- **Action item**: Write out, exactly and in full, the records given below, but not their pictures.

::::::

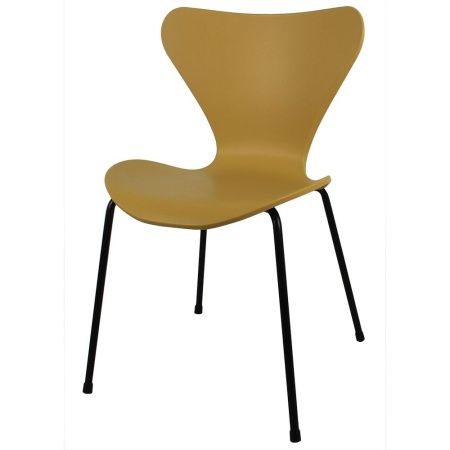 Купить Стул Seven горчичный с чёрными ножками по низкой цене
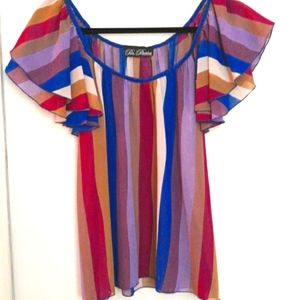 Ruffle sleeve stripe top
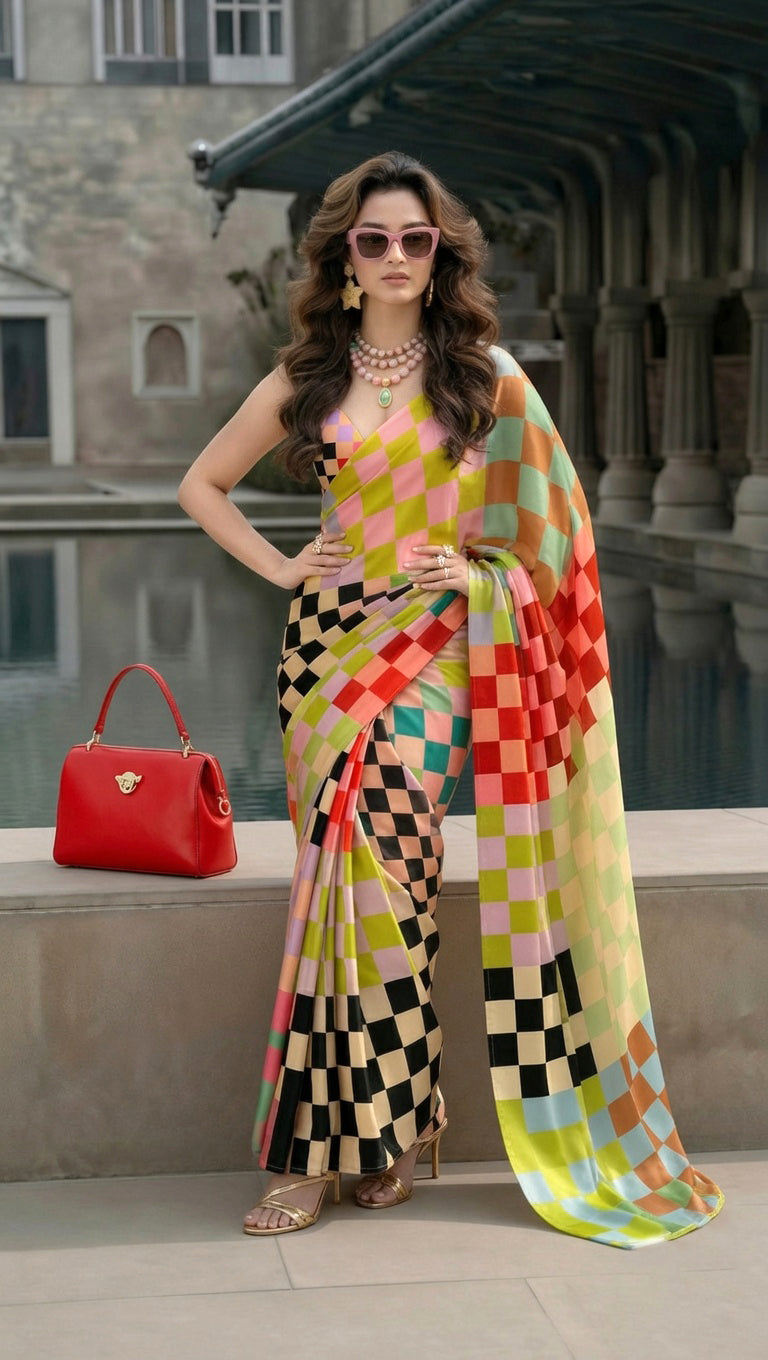 Multicolour Checkered Silk Blend Saree
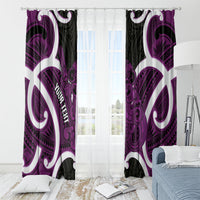 Waiporoporo Aotearoa Atua Tumatauenga Personalised Window Curtain Maori God Of War Tiki With Taiaha LT14 - Polynesian Pride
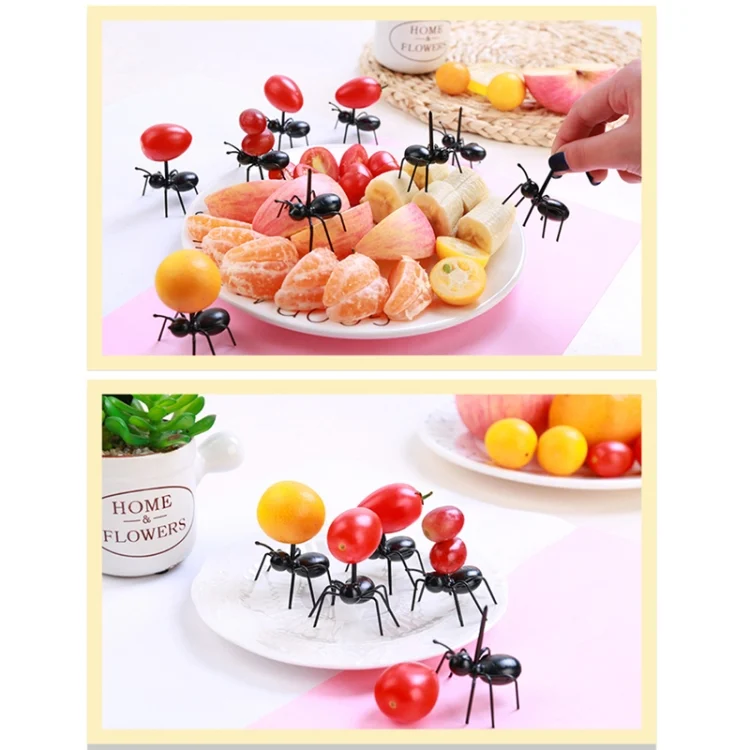 HC3774_8.webp 12pcs / Box Worker Ant Fruit Forks Snack Cake Dessert Tableware Home Kitchen Party Dinner Fruit Pick Kitchen Tool - Image 9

::::::

- **Result below**:
 Купить Стул Seven горчичный с чёрными ножками по низкой цене
 Ruffle sleeve stripe top
 Multicolour Checkered Silk Blend Saree
 Waiporoporo Aotearoa Atua Tumatauenga Personalised Window Curtain Maori God Of War Tiki With Taiaha LT14 - Polynesian Pride
 HC3774_8.webp 12pcs / Box Worker Ant Fruit Forks Snack Cake Dessert Tableware Home Kitchen Party Dinner Fruit Pick Kitchen Tool - Image 9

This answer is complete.